Restoring and Editing Human Images With AI

Montage of examples from supplementary material for the paper 'CompleteMe: Reference-based Human Image Completion' (https://liagm.github.io/CompleteMe/pdf/supp.pdf)

A new collaboration between University of California Merced and Adobe offers an advance on the state-of-the-art in human image completion – the much-studied task of ‘de-obscuring’ occluded or hidden parts of images of people, for purposes such as virtual try-on, animation and photo-editing.

Besides repairing damaged images or changing them at a user’s whim, human image completion systems such as CompleteMe can impose novel clothing (via an adjunct reference image, as in the middle column in these two examples) into existing images. These examples are from the extensive supplementary PDF for the new paper. Source: https://liagm.github.io/CompleteMe/pdf/supp.pdf

The new approach, titled CompleteMe: Reference-based Human Image Completion, uses supplementary input images to ‘suggest’ to the system what content should replace the hidden or missing section of the human depiction (hence the applicability to fashion-based try-on frameworks):

The CompleteMe system can conform reference content to the obscured or occluded part of a human image.

The new system uses a dual U-Net architecture and a Region-Focused Attention (RFA) block that marshals resources to the pertinent area of the image restoration instance.

The researchers also offer a new and challenging benchmark system designed to evaluate reference-based completion tasks (since CompleteMe is part of an existing and ongoing research strand in computer vision, albeit one that has had no benchmark schema until now).
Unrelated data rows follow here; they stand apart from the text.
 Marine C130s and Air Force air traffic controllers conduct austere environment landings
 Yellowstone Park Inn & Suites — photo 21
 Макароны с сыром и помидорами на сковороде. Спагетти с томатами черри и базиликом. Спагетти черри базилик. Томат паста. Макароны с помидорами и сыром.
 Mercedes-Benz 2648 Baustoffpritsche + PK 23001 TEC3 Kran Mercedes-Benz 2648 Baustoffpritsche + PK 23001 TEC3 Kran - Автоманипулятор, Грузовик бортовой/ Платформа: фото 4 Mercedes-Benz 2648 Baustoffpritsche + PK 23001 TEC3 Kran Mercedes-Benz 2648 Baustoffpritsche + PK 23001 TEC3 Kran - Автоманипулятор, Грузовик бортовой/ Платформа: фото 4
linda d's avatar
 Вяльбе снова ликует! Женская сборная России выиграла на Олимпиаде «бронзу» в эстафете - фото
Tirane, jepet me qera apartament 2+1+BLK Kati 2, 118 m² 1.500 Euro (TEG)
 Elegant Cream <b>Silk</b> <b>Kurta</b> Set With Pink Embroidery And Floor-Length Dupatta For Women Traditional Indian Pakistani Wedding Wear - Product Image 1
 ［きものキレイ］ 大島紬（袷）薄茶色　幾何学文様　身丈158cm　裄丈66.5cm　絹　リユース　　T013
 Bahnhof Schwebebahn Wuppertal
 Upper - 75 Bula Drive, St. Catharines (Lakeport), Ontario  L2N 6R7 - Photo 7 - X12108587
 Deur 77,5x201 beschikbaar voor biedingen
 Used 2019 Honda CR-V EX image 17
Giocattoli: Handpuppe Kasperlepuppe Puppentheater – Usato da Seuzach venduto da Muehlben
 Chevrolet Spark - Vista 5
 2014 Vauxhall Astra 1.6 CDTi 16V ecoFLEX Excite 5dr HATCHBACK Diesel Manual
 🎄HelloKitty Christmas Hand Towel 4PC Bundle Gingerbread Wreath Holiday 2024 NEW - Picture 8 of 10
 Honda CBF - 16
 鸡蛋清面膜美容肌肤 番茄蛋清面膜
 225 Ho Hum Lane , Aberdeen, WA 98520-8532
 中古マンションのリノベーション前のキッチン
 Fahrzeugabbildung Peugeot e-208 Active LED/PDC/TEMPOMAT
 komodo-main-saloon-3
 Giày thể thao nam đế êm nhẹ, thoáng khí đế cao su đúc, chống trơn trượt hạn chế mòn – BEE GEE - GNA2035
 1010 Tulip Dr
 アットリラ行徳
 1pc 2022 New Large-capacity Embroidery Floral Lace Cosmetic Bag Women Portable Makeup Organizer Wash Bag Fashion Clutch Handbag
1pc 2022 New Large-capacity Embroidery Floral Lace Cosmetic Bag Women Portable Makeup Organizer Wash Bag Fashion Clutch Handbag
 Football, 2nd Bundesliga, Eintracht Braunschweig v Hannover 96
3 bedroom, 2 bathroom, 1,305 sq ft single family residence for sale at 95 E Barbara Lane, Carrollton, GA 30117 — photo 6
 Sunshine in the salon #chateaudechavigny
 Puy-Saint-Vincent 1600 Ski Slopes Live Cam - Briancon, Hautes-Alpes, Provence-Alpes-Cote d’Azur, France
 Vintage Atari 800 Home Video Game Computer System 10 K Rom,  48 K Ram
In tests, and in a well-scaled user study, the new method came out ahead in most metrics, and ahead overall. In certain cases, rival methods were utterly foxed by the reference-based approach:

From the supplementary material: the AnyDoor method has particular difficulty deciding how to interpret a reference image.

The paper states:

‘Extensive experiments on our benchmark demonstrate that CompleteMe outperforms state-of-the-art methods, both reference-based and non-reference-based, in terms of quantitative metrics, qualitative results and user studies.

‘Particularly in challenging scenarios involving complex poses, intricate clothing patterns, and distinctive accessories, our model consistently achieves superior visual fidelity and semantic coherence.’

Sadly, the project’s GitHub presence contains no code, nor promises any, and the initiative, which also has a modest project page, seems framed as a proprietary architecture.

Further example of the new system’s subjective performance against prior methods. More details later in the article.

Method

The CompleteMe framework is underpinned by a Reference U-Net, which handles the integration of the ancillary material into the process, and a cohesive U-Net, which accommodates a wider range of processes for obtaining the final result, as illustrated in the conceptual schema below:

The conceptual schema for CompleteMe. Source: https://arxiv.org/pdf/2504.20042

The system first encodes the masked input image into a latent representation. At the same time, the Reference U-Net processes multiple reference images – each showing different body regions – to extract detailed spatial features.

These features pass through a Region-focused Attention block embedded in the ‘complete’ U-Net, where they are selectively masked using corresponding region masks, ensuring the model attends only to relevant areas in the reference images.

The masked features are then integrated with global CLIP-derived semantic features through decoupled cross-attention, allowing the model to reconstruct missing content with both fine detail and semantic coherence.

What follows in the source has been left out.